Indien vor den Wahlen: Modi ohne Mehrheit?
Umfragen stellen dem BJP-Bündnis Verluste in Aussicht
Am 2. Juni endet die Legislaturperiode der Lok Sabha ("Volksversammlung"), der Ersten Kammer des indischen Parlaments. Bis dahin müssen neue Abgeordnete gewählt sein. Damit das problemlos klappt, gehen Beobachter davon aus, dass die Wahlen dazu im nächsten Monat beginnen. Die letzten fanden zwischen dem 7. April und 12. Mai 2014 statt.

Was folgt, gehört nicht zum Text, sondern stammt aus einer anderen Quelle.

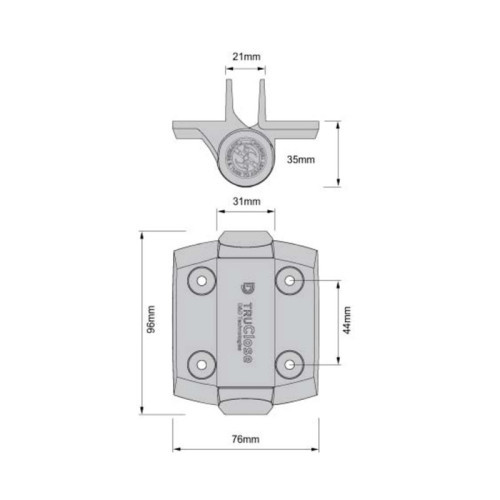 White Pool Safe Hinge Details with extra alignment legs.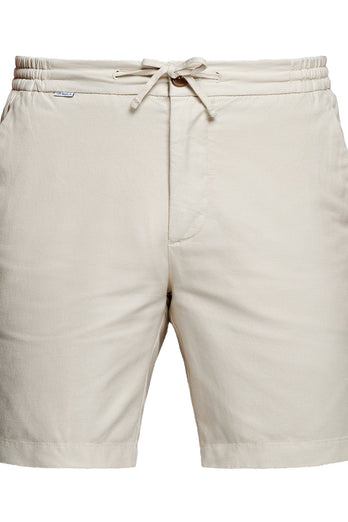 beige men's linen shorts with a zip pocket | MR MARVIS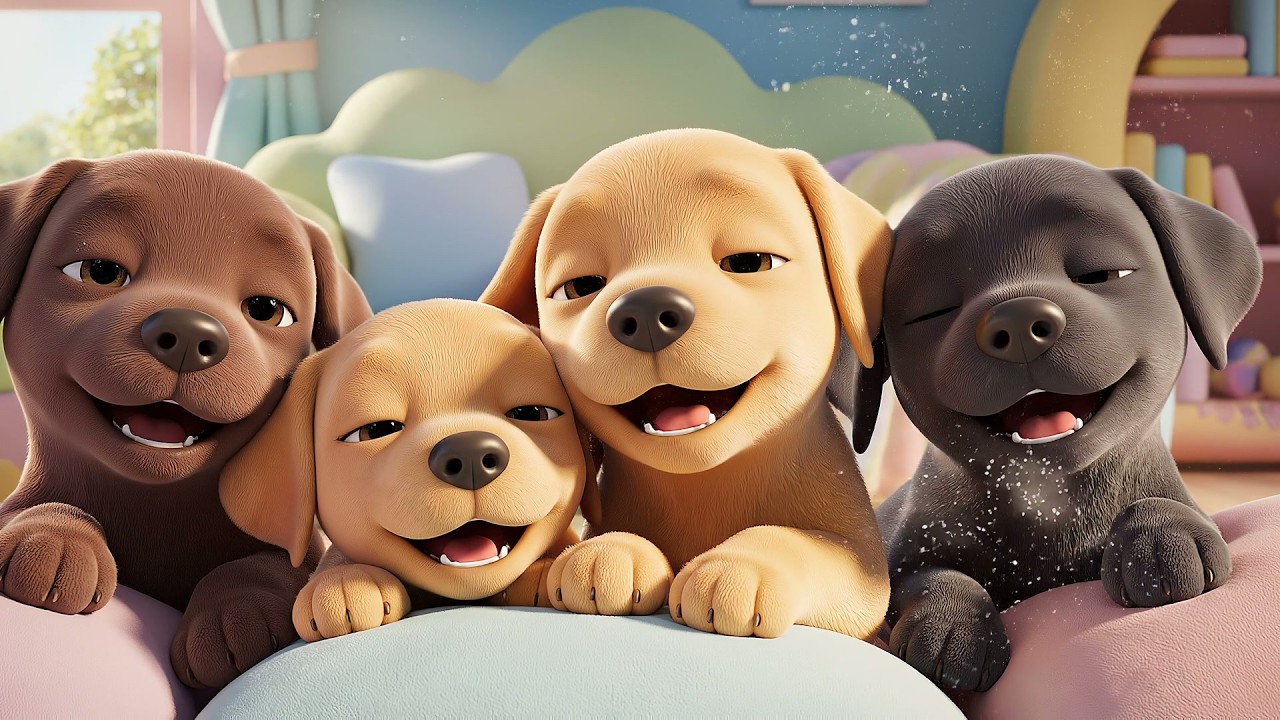 Four Little Toy Puppies Wag Wag Wag | Puppy Song & Animal Sounds for Kids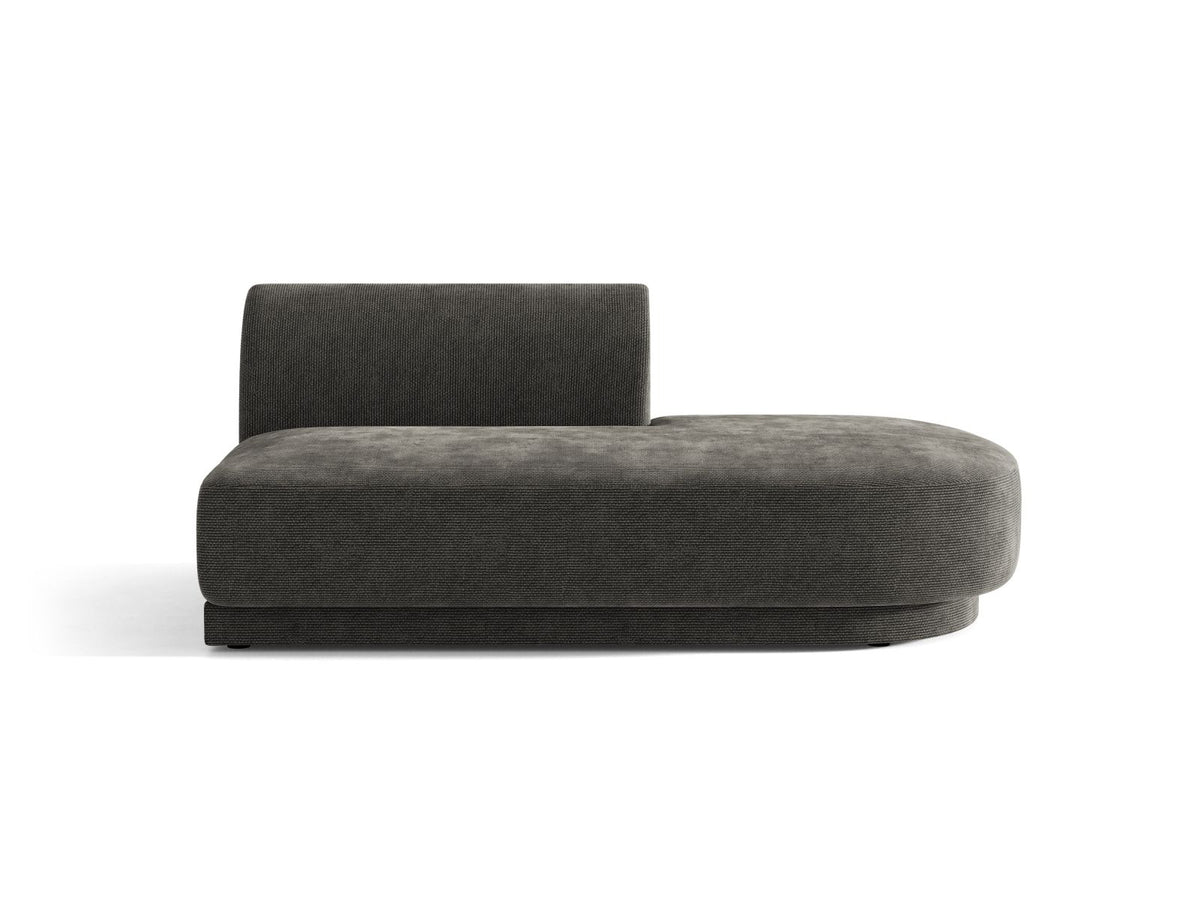 Miley — Modular Sofa Dark Grey (Eden 20 Graphite) Black Plastic Right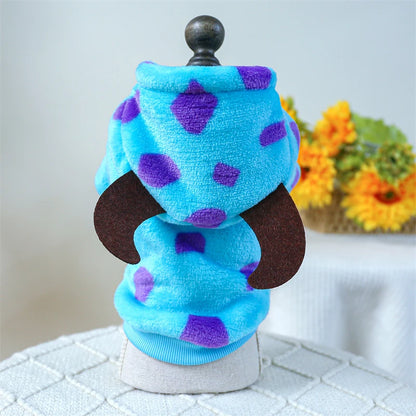Super Soft Fleece Pet Clothing for Puppy Autumn Winter Plush Warm Dog Overalls Four Legged Dinosaur Unicorn Cosplay Cat Clothing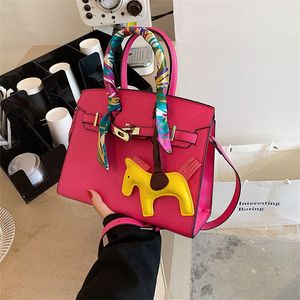 Bags Lovely silk scarf small square bag women's 2023 urban elegant and simple atmosphere Pu sling one Shoulder Messenger Purse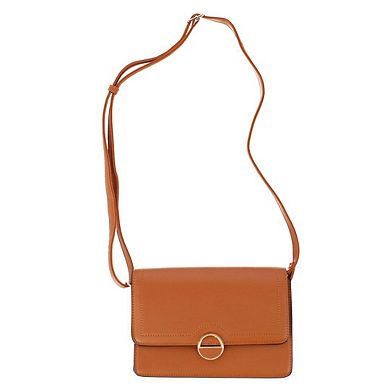 CTM Women's Synthetic Leather Adjustable Crossbody with Flap Closure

In den Umfragen aus den letzten Monaten kommt das regierende Bündnis NDA ("Nationale Demokratische Allianz") zwar auf 225 bis 261 Sitze im bis zu 552 Abgeordnete fassenden Unterhaus, verliert aber seine 2014 gewonnene absolute Mehrheit. Die NDA wird von der Hindupartei Bharatiya Janata Parti angeführt, besteht aber aus insgesamt 40 Parteien, von denen aktuell elf über mindestens einen Sitz im Unterhaus verfügen. Die wichtigsten davon sind die tamilische Regionalpartei Desiya Murpokku Dravida Kazhagam (DMDK), die vor allem in in Bihar and Jharkhand präsente Janata Dal (JD), die pandschabische Sikh-Partei Shiromani Akali Dal (SAD) und die Hindu-Regionalpartei Shiv Sena aus dem Bundesstaat Maharashtra.

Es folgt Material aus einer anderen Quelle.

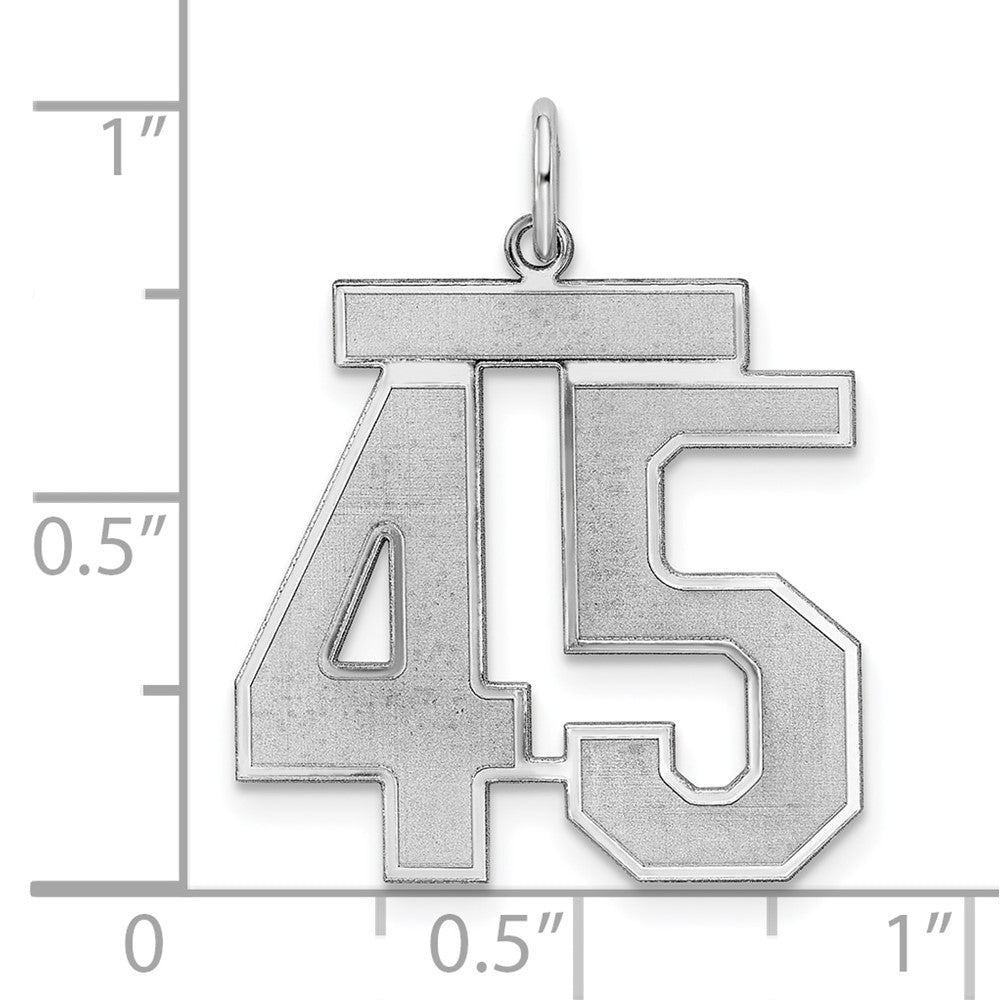Sterlingsilber Silber/rhodiniert Satiniert Zahl 45 Charm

Bargeldentwertung und Mehrwertsteuerreform
Das andere große Bündnis, die UPA ("Vereinigte Progressive Allianz"), das den Umfragen nach Chancen auf 146 bis 171 Sitze hat, wird von der vor 2014 regierenden Kongresspartei angeführt. Von den 28 Mitgliedsparteien der UPA verfügen aktuell sieben über Parlamentssitze, darunter die 1999 im Streit um die damalige Kongressparteiführerin Sonia Ghandi abgespaltene Nationalistische Kongresspartei (NCP), die Rashtriya Janata Dal (RJD) aus Bihar, die tamilische Dravida Munnetra Kazhagam (DMK) und die Indian Union Muslim League (IUML) aus Kerala. Parteien, die keinem dieser beiden Lager angehören, können im indischen Vielvölkerstaat mit seinem Mehrheitswahlrecht mit 125 bis 163 Sitzen rechnen und würden damit das Zünglein an der Waage spielen, wenn die Wahl so ausgeht, wie es die Umfrageinstitute VDP, VMR, ABP und Karvy für möglich halten. Zwölf dieser Parteien haben sich am 19. Januar zum Bündnis Mahagathbandhan zusammengeschlossen, das eine "Dritte Front" bilden soll.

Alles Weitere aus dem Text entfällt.